P bought a house that turned out to be faulty. Since they couldn’t afford the repairs, they had to sell it at a price considerably less than that which they paid to a person who was living in the house unrepaired at the time of the case. They sued D (the local authority who authorised the building of the houses) for negligence. HL refused their claim. HL explicitly overruled the outcome in Anns (that a public inspector had a duty of care to purchasers of a property to see that it was built properly). It also rejected the complex structures theory. 
 
Lord Keith: There was no duty to take reasonable care to avoid causing pure economic loss. The only instance where economic loss is compensable is in the Hedley Byrne line of cases.

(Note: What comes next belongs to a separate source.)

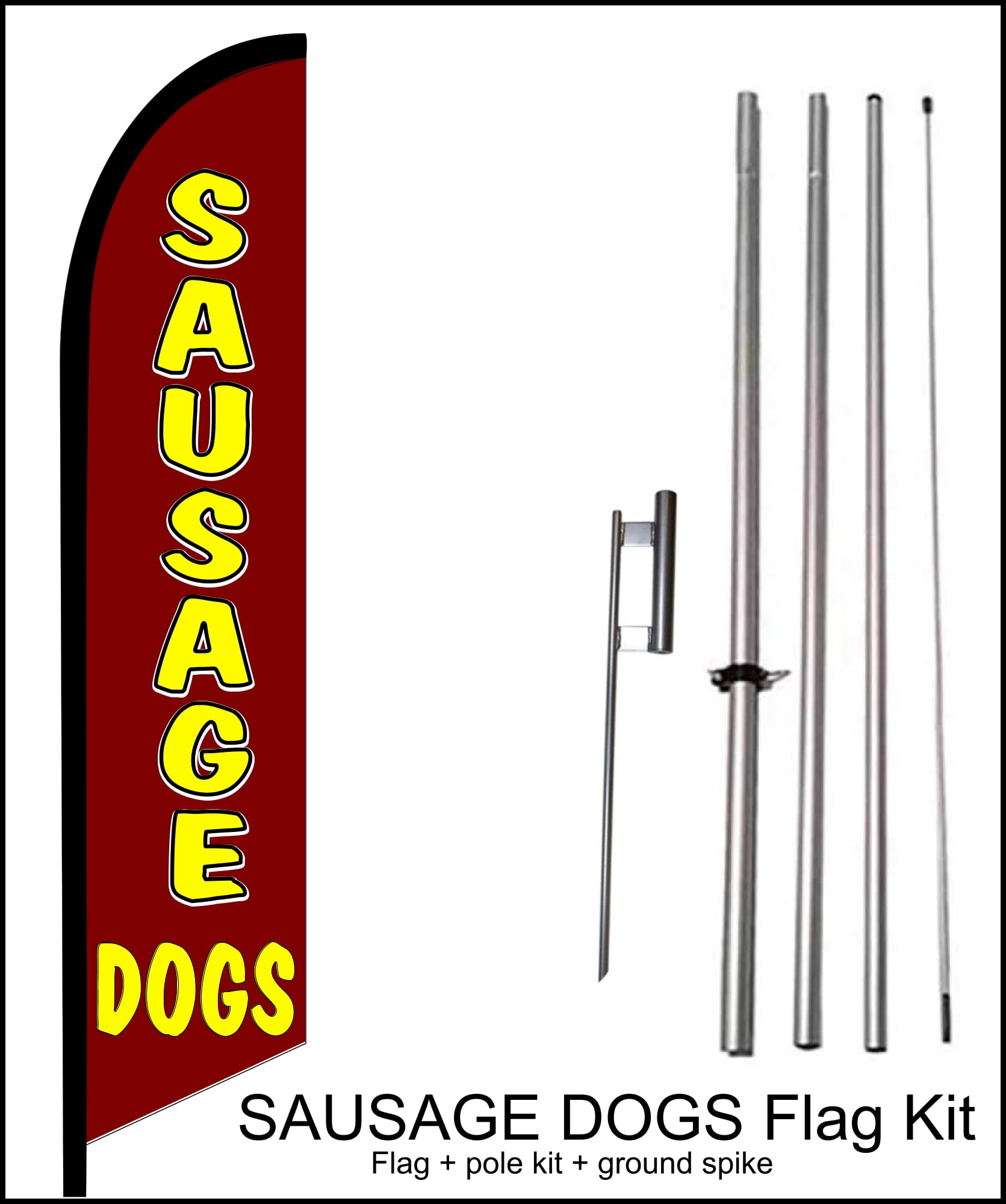 Sausage Dogs Swooper Flag Kit for Outdoor Use  15 ft Tall - by flagsandsigns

Anns was a bad decision since it has opened the floodgates. Also to allow the builder/person who authorised the works to be liable for economic loss is inconsistent with the general rule that the manufacturer of chattels is not liable for economic loss (which is a good rule for avoiding floods of claims). 
 
Lord Bridge: If the defect in a chattel causes economic loss (rather than physical problems as in Donoghue) a manufacturer cannot be held liable, even if the thing is defective to the point of being worthless. Liability here is for contract to determine. This is because there is no proximity between P and manufacturer regarding loss (HE is confusing proximity and remoteness i.e. that the type of harm is reasonably foreseeable. However the point about inconsistency is true and perhaps manufacturers should also be liable for economic loss). The principle is equally applicable to buildings. He also says, regarding Junior Books: “there is a special relationship of proximity between builder and building owner which is sufficiently akin to contract to introduce the element of reliance so that the scope of the duty of care owed by the builder to the owner is wide enough to embrace purely economic loss. The decision in Junior Books Ltd v. Veitchi Co. Ltd. can…only be understood on this basis.” I.e. he confines it by saying that it basically comes within the Hedley Byrne principle but with negligent misperformance, not misstatement. This prevents it having general effect. 
 
Weir argues that this conclusion is correct for a number of reasons: (1) no proximity between authority and plaintiff; (2) inconsistency regarding manufacturers; (3) floodgates.